ARM MCU Drives the Rise of Open Source RTOS
In recent years, due to the ARM architecture processors sweeping the global smart mobile device (phones/tablets) market, in addition to the commercial RTOS/IDE launched with various MCU/MPU hardware platforms, ARM has introduced the Cortex-M and Cortex-R instruction set architectures to penetrate the MCU-level applications in IoT and wearable devices, paired with open-source OS/IDE to capture the MCU application market.
For example, the mbed OS and related development environment launched by ARM focus on embedded devices and IoT applications, featuring connectivity, efficiency, security, and productivity, also serving as RTOS applications with its mbed-rtos library. The mbed development environment can develop smart home, smart city, and wearable applications.
Moreover, there are many open-source RTOS/IDE launched for ARM platforms, such as FreeRTOS, uKOS-II, Atomthreads, BeRTOS community edition, ChibiOS/RT, CoActionOS, eCos, Embox, Erika Enterprise/RT-Druid, Keil (ARM) RTX, Lepton, nOS, Nut/OS, NuttX, RIOT, RT-Thread, TI-RTOS-KERNEL (SYS/BIOS), TNeo, etc., providing developers with more choices.

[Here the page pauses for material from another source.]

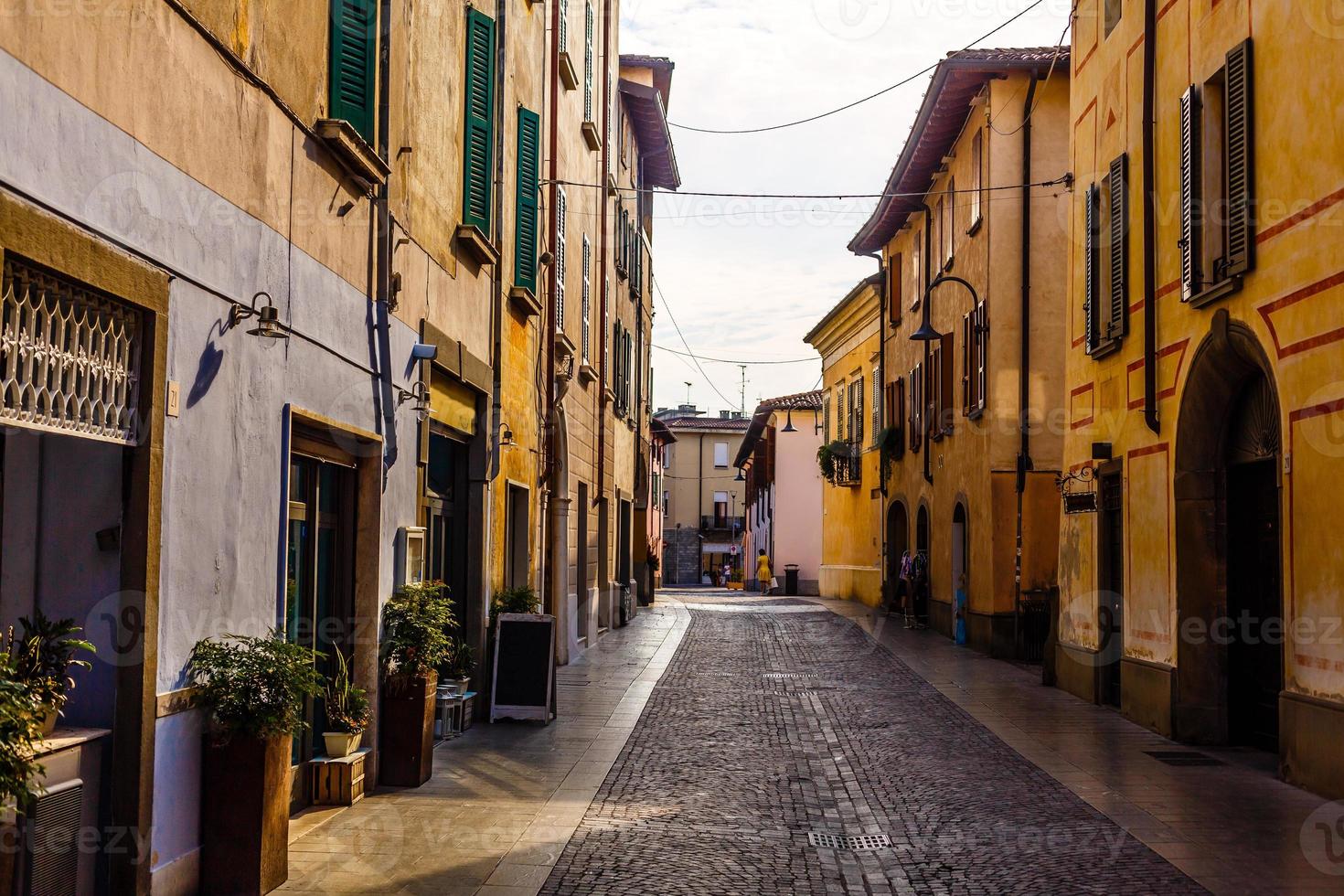 calle estrecha en italia sin gente foto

Overview of Other Non-Real-Time OS for Dedicated MCUs
Additionally, there are many open-source OS (non-RTOS) designed for MCUs that also feature small sizes, some aimed at IoT WSN (Wireless Sensor Network) applications, such as Contiki OS and TinyOS. Others feature general desktop graphical user interfaces (GUIs), such as SymbOS and Wheels OS.
Contiki OS is an open-source micro OS that can be applied to Atmel ARM/AVR, LPC, PIC32, TI MSP430/CC2430/2538/2630/2650, STM32W, etc., for IoT applications, and can even run on vintage 8-bit computers (Apple II, Atari, Commodore, etc.) for internet connectivity, or even on retro gaming consoles (Atari Jaguar, Game Boy/Advance, GP32, Nintendo Entertainment System, PC Engine, etc.).
SymbOS is a free multimedia graphical operating system that can run on 8-bit Z80 CPUs (such as MSX, Amstrad), providing a Windows 95-like interface to revive old computers.